SUPPLIED DATA:
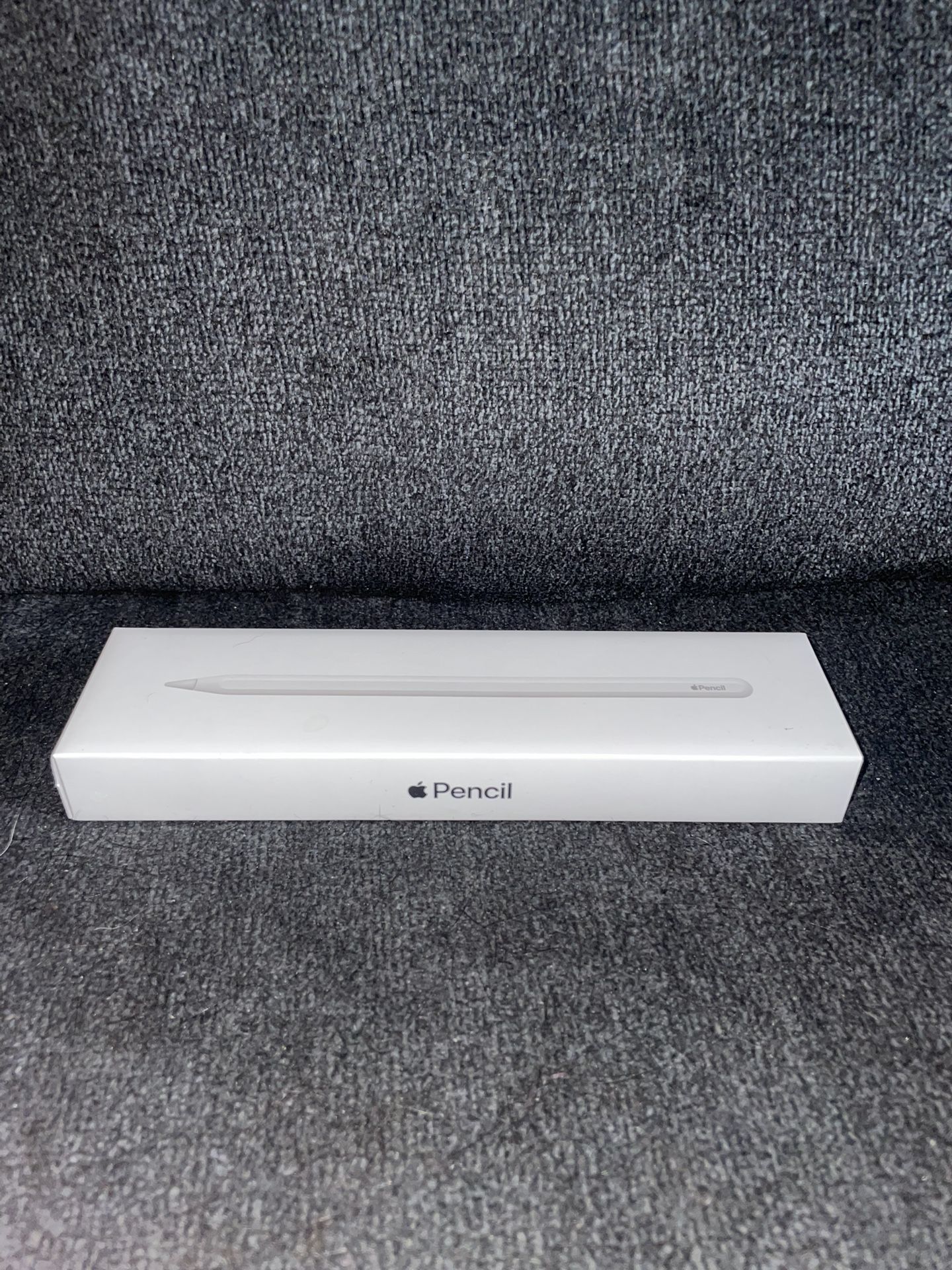 Apple Pencil (Gen 2) - Authentic w/ Serial Number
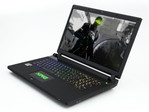 Review Clevo P177SM-A (Schenker XMG P704) Barebones Notebook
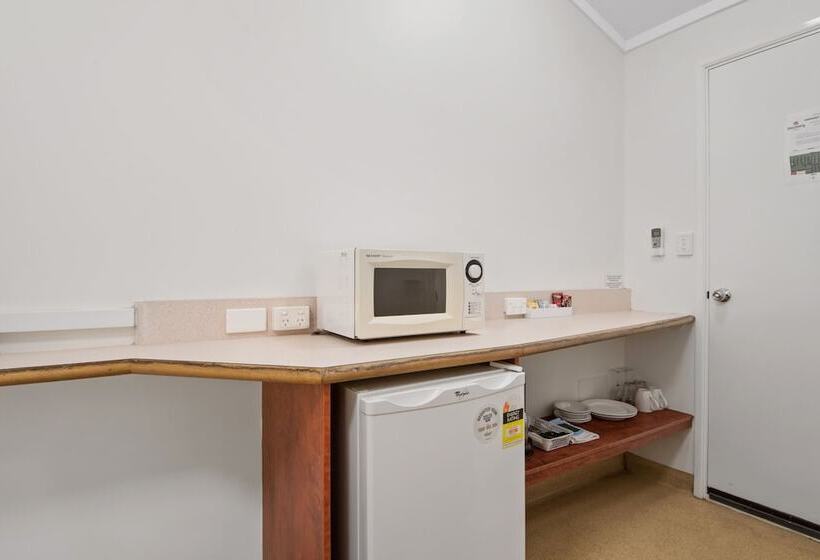 ホテル Discovery Parks  Coogee Beach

EXERCISE AIM: Leave the images aside and retype each line of the listing above exactly.

RESPONSE BELOW:
 Apple Pencil (Gen 2) - Authentic w/ Serial Number
 Review Clevo P177SM-A (Schenker XMG P704) Barebones Notebook
 ホテル Discovery Parks  Coogee Beach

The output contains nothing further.